Il progetto si basa su quella che è stata l’ultima volontà di Giuseppe Basile, storico dell’arte, critico d’arte, saggista italiano, specializzato nel restauro, ma soprattutto docente presso la Sapienza fino alla sua recente scomparsa nel 2013: la realizzazione di un Museo delle Migrazioni a Lampedusa.
La mostra espone il primissimo nucleo, restaurato dal professor Basile, degli oggetti appartenuti ai migranti e che sono stati rinvenuti sull’isola di Lampedusa a partire dal 2009. Non si tratta di una semplice esposizione di pezzi da collezione, ma di un lungo cammino all’interno di un impianto laboratoriale che vedrà l’organizzazione di proiezioni di film, vari incontri formativi e si concluderà il 10 aprile con una tavola rotonda in cui si discuterà di ciò che è stato carpito da questa esperienza.
Le curatrici della mostra, giovanissime e colme di passione, hanno conservato lo spirito del loro “mentore”, seguendo quello che si può chiamare l’imperativo che Giuseppe Basile aveva donato a questo progetto: dare voce a qualcosa che di per sè è muto, quindi un oggetto, ma che nasconde al suo interno una storia e una traccia lungo la quale chi osserva può muoversi. Egli amava maneggiare questi oggetti come fossero delle opere d’arte e in effetti lo sono, semplicemente per il fatto che raccontano una storia.
Il sottotitolo della mostra “Dalla traccia alla voce” esprime proprio questo concetto e anche l’allestimento della mostra riprende alla perfezione ciò che si vuole far arrivare. Da un lato vi sono gli oggetti, bacinelle per lavarsi, scarpe rotte, una mappa dell’Italia in lingua africana, un boccaio, tutti “buttati” lì, quasi a caso, senza alcuna didascalia a descriverli.
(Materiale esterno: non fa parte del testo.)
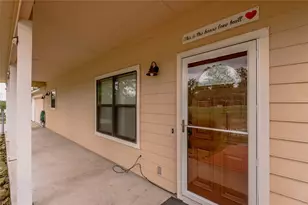 72 Oak Hill Dr, Huntsville, TX 77320 - Photo 5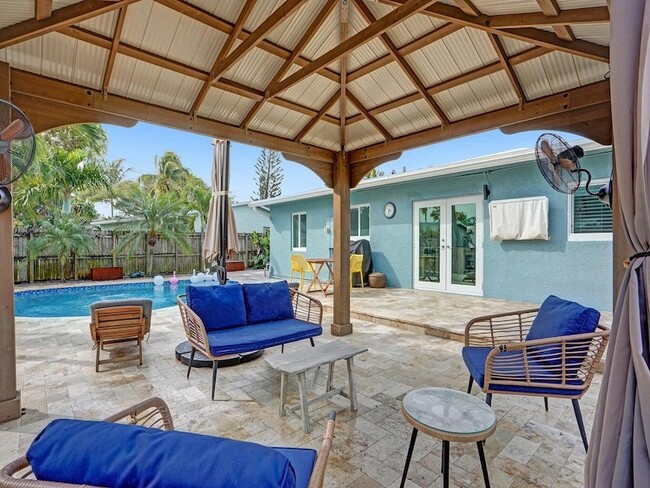 Building Photo - 2750 NE 10th Ave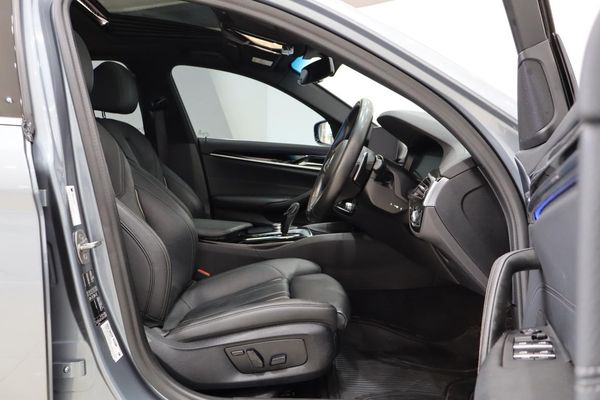 2019-BMW-5-Series-520d-M-Sport image:16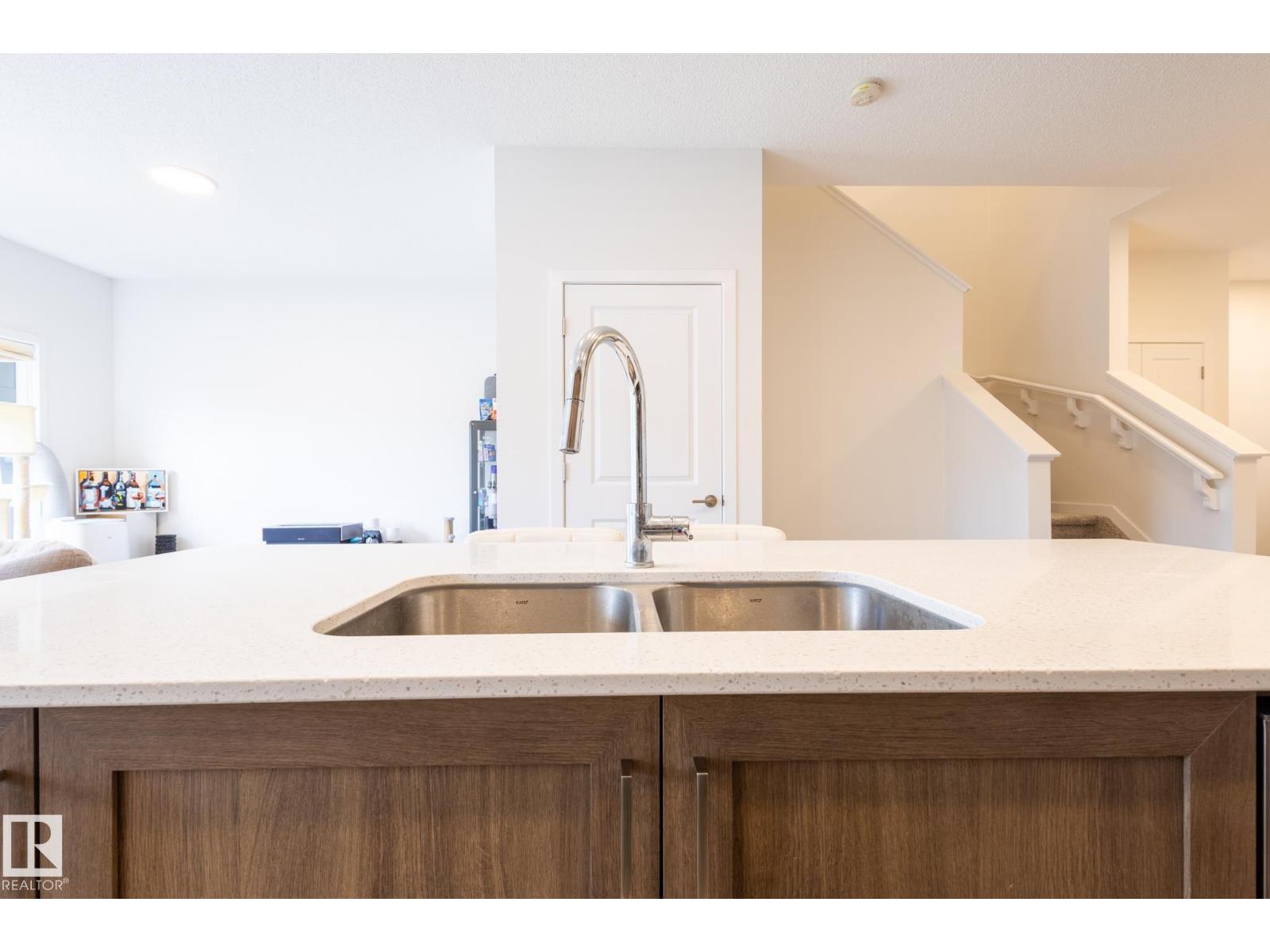 1994 Kroetsch Cr Sw, Edmonton, Alberta  T6W 4J4 - Photo 14 - E4471254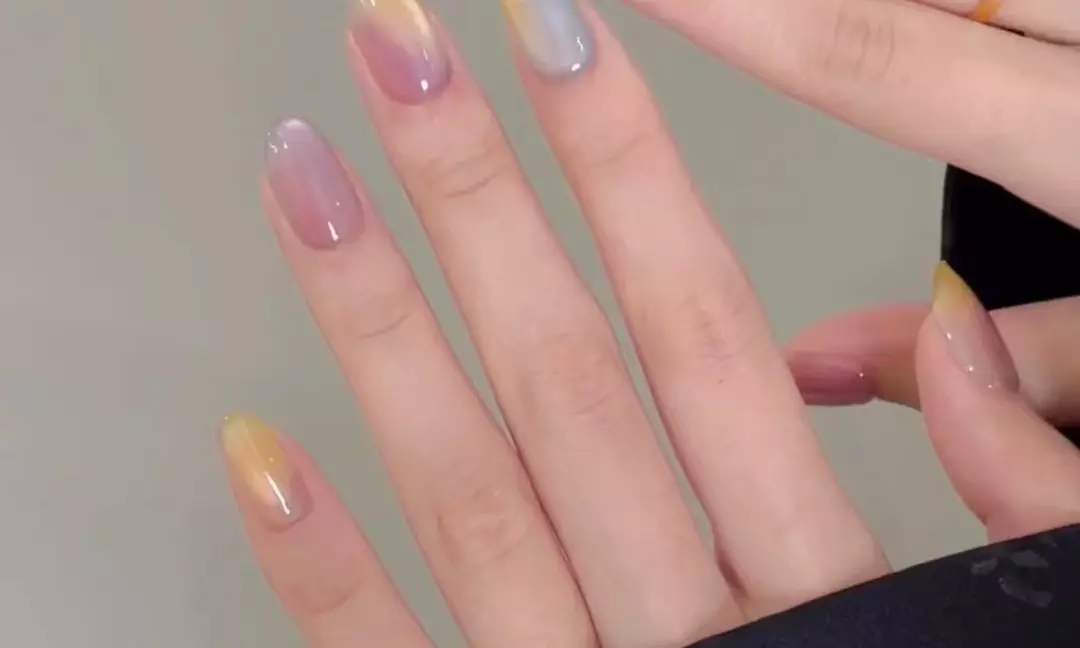 Choose from Manicure or Eye Color/ Gel Shellac Change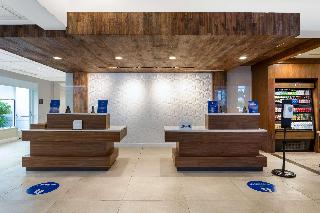 Hilton Garden Inn Islip MacArthur Airport fotoÄŸrafÄ±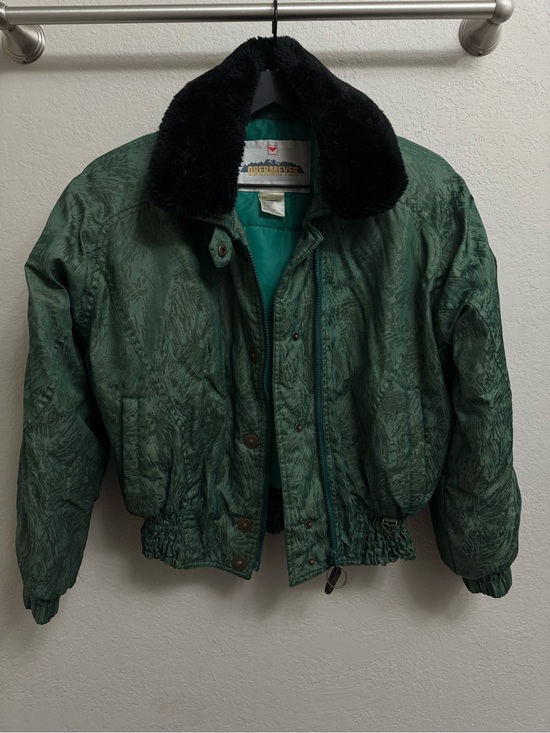 Obermeyer Jackets & Blazers - Obermeyer vintage Forest Green Bomber Jacket with Black Faux Fur Collar
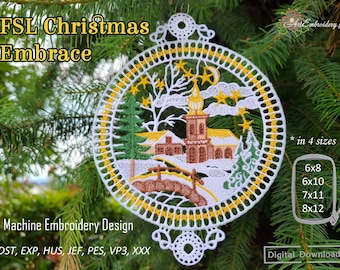 Puede incluir: Diseño de bordado a máquina FSL blanco y amarillo de una escena de invierno con una iglesia, árboles y un puente. El diseño es circular y está disponible en cuatro tamaños: 6x8, 6x10, 7x11 y 8x12 pulgadas. El texto "FSL Christmas Embrace" está en la parte superior de la imagen.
Come ha ben detto una delle curatrici, Costanza Meli: “Non è necessario che io ti dica che quello è un boccaio. Lo sai benissimo da solo.” Quello che invece è importante è la relazione che tu, osservatore, instauri con quell’oggetto; la tua mente, in quel preciso momento, inizia ad immaginarne la storia e il viaggio che ha compiuto. Se questo accade, lo scopo della mostra è stato raggiunto.
La parte più delicata della mostra è quella che riguarda invece il cartaceo: in questo caso la restaurazione, coordinata dal professor Basile e con l’aiuto della Biblioteca siciliana, è stata più lunga e minuziosa . Vi sono diverse testimonianze scritte, ma quelle che colpiscono maggiormente sono il diario di viaggio di un diacono etiope, contenente anche un breve epistolario scambiato con le sue sorelle, e un glossario in lingua inglese e bangladese.
Entrambe le testimonianze sono state dotate di un supporto audio, delle cuffie in cui poter effettivamente ascoltare le traduzioni e le storie di questi documenti: è un modo per entrare in maniera più intima e diretta nel travaglio di questi viaggi, che sono sempre lunghi, incerti e verso l’ignoto.
Al di là di polemiche, divisioni politiche e non, la mostra sembra voler essere un’opportunità per scavalcare qualsiasi pregiudizio e compiere con quegli oggetti il viaggio che loro hanno già fatto, in memoria di tutte quelle persone che hanno avuto il coraggio di partire senza una meta precisa, rischiando la propria vita.